GitOps: versioned CI/CD on top of declarative infrastructure. Stop scripting and start shipping.
Although with Terraform or similar tools you can have your infrastructure as code(IaC), this is not enough to be able to sync your desired state in Git with production. We need a way to continuous monitor the environments and make sure there is no configuration drift. With Terraform you will have to write scripts that run
terraform apply and check if the status matches the Terraform state but this is tedious and hard to maintain.
Kubernetes has been build with the idea of control loops from the ground up, this means that Kubernetes is always watching the state of the cluster to make sure it matches the desired state, for example, that the number of replicas running matches the desired number of replicas. The idea of GitOps is to extend this to applications, so you can define your services as code, for example, by defining Helm Charts, and use a tool that leverages K8s capabilities to monitor the state of your App and adjust the cluster accordingly. That is, if update your code repo, or your helm chart the production cluster is also updated. This is true continuous deployment. The core principle is that application deployment and lifecycle management should be automated, auditable, and easy to understand.

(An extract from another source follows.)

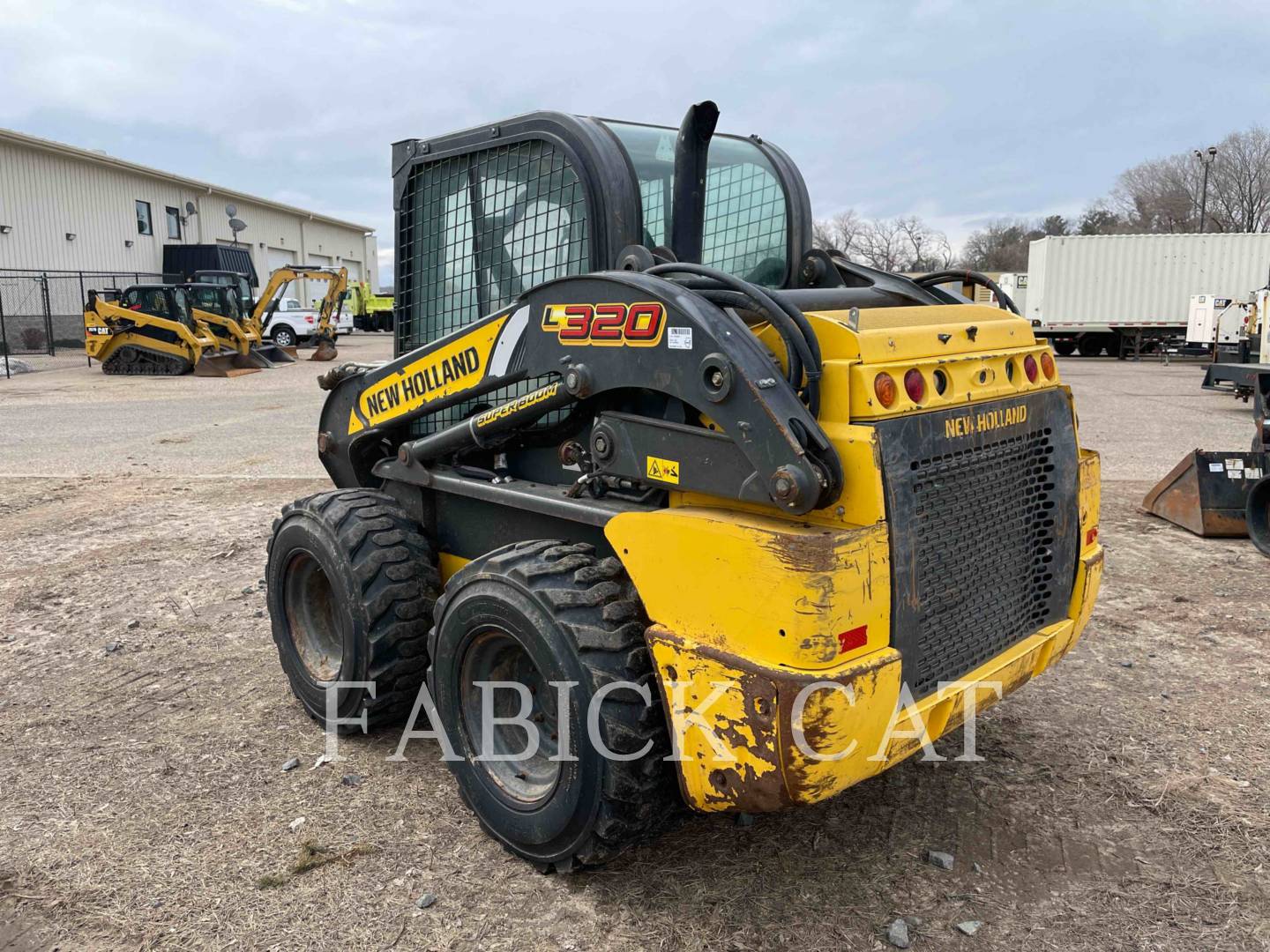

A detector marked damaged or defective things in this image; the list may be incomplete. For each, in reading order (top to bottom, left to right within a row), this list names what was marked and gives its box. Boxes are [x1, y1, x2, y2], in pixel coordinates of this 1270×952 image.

rusted bumper [645, 540, 1102, 817] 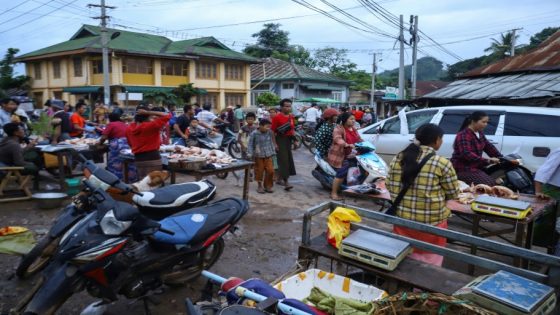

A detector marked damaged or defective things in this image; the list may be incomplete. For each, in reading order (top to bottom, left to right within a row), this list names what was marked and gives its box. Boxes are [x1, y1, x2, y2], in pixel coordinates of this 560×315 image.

rusted corrugated roof [464, 30, 560, 77]
rusted corrugated roof [424, 72, 560, 100]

For me this idea is revolutionary and if done properly, will enable organizations to focus more on features and less on writing scripts for automation. This concept can be extended to other areas of Software Development, for example, you can store your documentation in your code to track the history of changes and make sure the documentation is up to date; or track architectural decision using ADRs.
In my opinion, the best GitOps tool in Kubernetes is ArgoCD. You can read more about here. ArgoCD is part of the Argo ecosystem which includes some other great tools, some of which, we will discuss later.
With ArgoCD you can have each environment in a code repository where you define all the configuration for that environment. Argo CD automates the deployment of the desired application state in the specified target environments.
Argo CD is implemented as a kubernetes controller which continuously monitors running applications and compares the current, live state against the desired target state (as specified in the Git repo). Argo CD reports and visualizes the differences and can automatically or manually sync the live state back to the desired target state.
- Flux which just released a new version with many improvements. It offers very similar functionality.
Argo Workflows and Argo Events
In Kubernetes, you may also need to run batch jobs or complex workflows. This could be part of your data pipeline, asynchronous processes or even CI/CD. On top of that, you may need to run even driven microservices that react to certain events like a file was uploaded or a message was sent to a queue. For all of this, we have Argo Workflows and Argo Events.
Although they are separate projects, they tend to be deployed together.
Argo Workflows is an orchestration engine similar to Apache Airflow but native to Kubernetes. It uses custom CRDs to define complex workflows using steps or DAGs using YAML which feels more natural in K8s. It has an nice UI, retries mechanisms, cron based jobs, inputs and outputs tacking and much more. You can use it to orchestrate data pipelines, batch jobs and much more.
Sometimes, you may want to integrate your pipelines with Async services like stream engines like Kafka, queues, webhooks or deep storage services. For example, you may want to react to events like a file uploaded to S3. For this, you will use Argo Events.
These two tools combines provide an easy and powerful solution for all your pipelines needs including CI/CD pipelines which will allow you to run your CI/CD pipelines natively in Kubernetes.
We just saw how we can run Kubernetes native CI/CD pipelines using Argo Workflows. One common task is to build Docker images, this is usually tedious in Kubernetes since the build process actually runs on a container itself and you need to use workarounds to use the Docker engine of the host.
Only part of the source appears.